Debates and Controversies
Kobani sits at the centre of several disputes. Turkey regards the YPG that defended the city as linked to the PKK and has repeatedly threatened and attacked Kurdish-held areas of northern Syria; Kurds see this as an attempt to crush their hard-won self-rule. Within Syria, the Kurdish-led administration expanded after 2017 into Arab-majority areas such as Raqqa and Deir ez-Zor, where some communities have been wary of Kurdish-led governance — a tension the administration has had to manage. And the official Arabic name, Ayn al-Arab, versus the Kurdish Kobani, reflects the long argument over the region’s identity. Written from a Kurdish perspective, this profile recognises those disputes while affirming Kobani as a Kurdish city defended by its own people.

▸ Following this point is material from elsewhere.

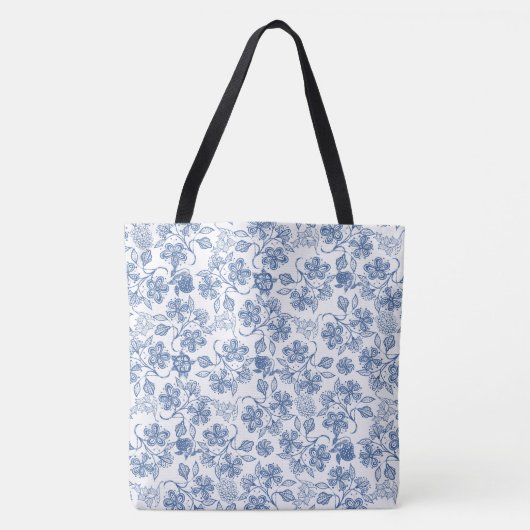 Chique Indigo Blauw en Wit Bloemen Patroon Draagtas (Voorkant)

Significance for the Kurds
For Kurds everywhere, Kobani is sacred ground. Its resistance in 2014–15 — sometimes called the “Stalingrad of the Kurds” — turned a small border town into a global symbol of Kurdish courage and of the role of women fighters in the YPJ. Alongside Sinjar, where Kurdish forces helped rescue Yazidis from genocide, Kobani came to stand for the Kurds as the people who stopped ISIS when others could not. Its defence gave the wider Rojava project international recognition, and its survival remains, to this day, a matter of Kurdish national pride and concern.
Related Places and Topics
Qamishli, the de facto capital of Rojava to the east.
Sinjar, another front in the Kurdish fight against ISIS. The YPG and YPJ, the Rojava Revolution, and the Autonomous Administration of North and East Syria.
Frequently Asked Questions
Where is Kobani?
Kobani is in northern Syria, in the Aleppo Governorate, right on the border with Turkey, on the Suruç plain about 30 km east of the Euphrates. Its official Arabic name is Ayn al-Arab.
Why is Kobani famous?
Kobani is famous for the 2014–15 siege, when Kurdish YPG and YPJ fighters, backed by US-led coalition airstrikes, held out against ISIS and broke the siege — a turning point in the war that shattered the myth of ISIS invincibility.
Is Kobani a Kurdish city?
Yes. Kobani is a Kurdish-majority city and was the place where the Rojava Revolution was declared in 2012. It is a key centre of the Kurdish-led Autonomous Administration of North and East Syria.
What is happening in Kobani now?
After the fall of the Assad regime in late 2024, Kobani came under renewed pressure from Damascus-backed and Turkish-backed forces. In early 2026 the city faced severe threats, and Kurdish leaders warned of the danger to its people.